Otto | Devpost

Otto the robot
Otto website with ultrasonic sensor data displayed
Electronic Schematic
Gear system for controlling the robot gripper

Inspiration

Our inspiration for this project came from the adaptability and dexterity of octopus tentacles, which can grasp and conform to objects of varying shapes and sizes. Unlike traditional robotic arms with rigid structures, octopus tentacles can achieve smooth, flexible movements, allowing them to interact delicately with their environment. This natural efficiency sparked the idea of applying biomimicry to robotics, particularly for tasks that require precision and care, such as fruit harvesting.

What it does

Our robotic arm is designed to provide a soft, adaptive grip that outperforms traditional robotic arms in tasks requiring precision and care. Unlike rigid robotic grippers, which rely on fixed joints and limited contact points, our flexible tentacle design conforms to the shape of the object it grasps, distributing pressure evenly to prevent damage. This makes it especially effective for handling delicate items like fruit, fragile materials, or irregularly shaped objects that require a controlled, gentle touch. The tentacles curl and uncurl around objects, mimicking the way an octopus grasps its surroundings, ensuring a secure yet non-destructive hold. This level of adaptability allows for safer and more efficient handling in environments where precision is essential.

How we built it

On the mechanical side, we used OnShape to 3d model and print our parts. On the electrical side, we have an ultrasonic sensor that can detect distances and can trigger a stepper motor to turn and move the arms when a fruit is detected to be close by.

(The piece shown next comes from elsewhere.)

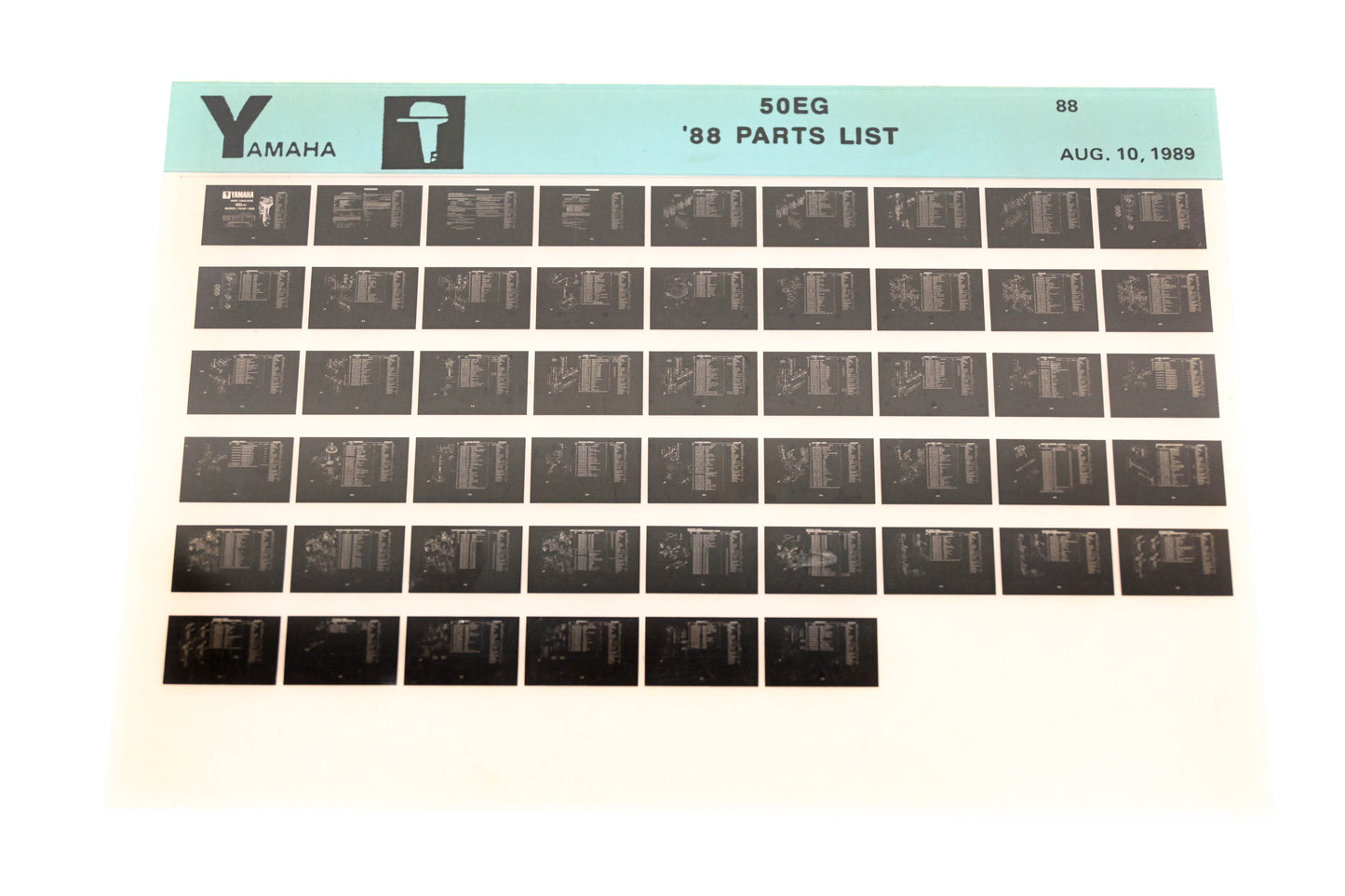 OEM Yamaha LB018-29 1988 50EG Parts List Microfiche
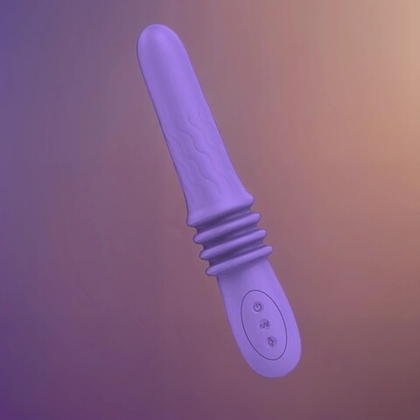 Фиолетовый вибратор Susie с возвратно-поступательными движениями - 25,2 см.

On the software side, our ESP32 microcontroller sends distance data collected from the ultrasonic sensor to a web server that can display that data and other information about the robot.

Challenges we ran into

One of the main challenges we faced was that we originally had a gear structure with a larger gear in the centre turning smaller gears, but that made it really hard for the motor to turn. we realized that we needed to switch the setup–we needed to put the smaller gear in the centre and larger gears on the outside to maximize the torque (or in other words, to make it easier to rotate).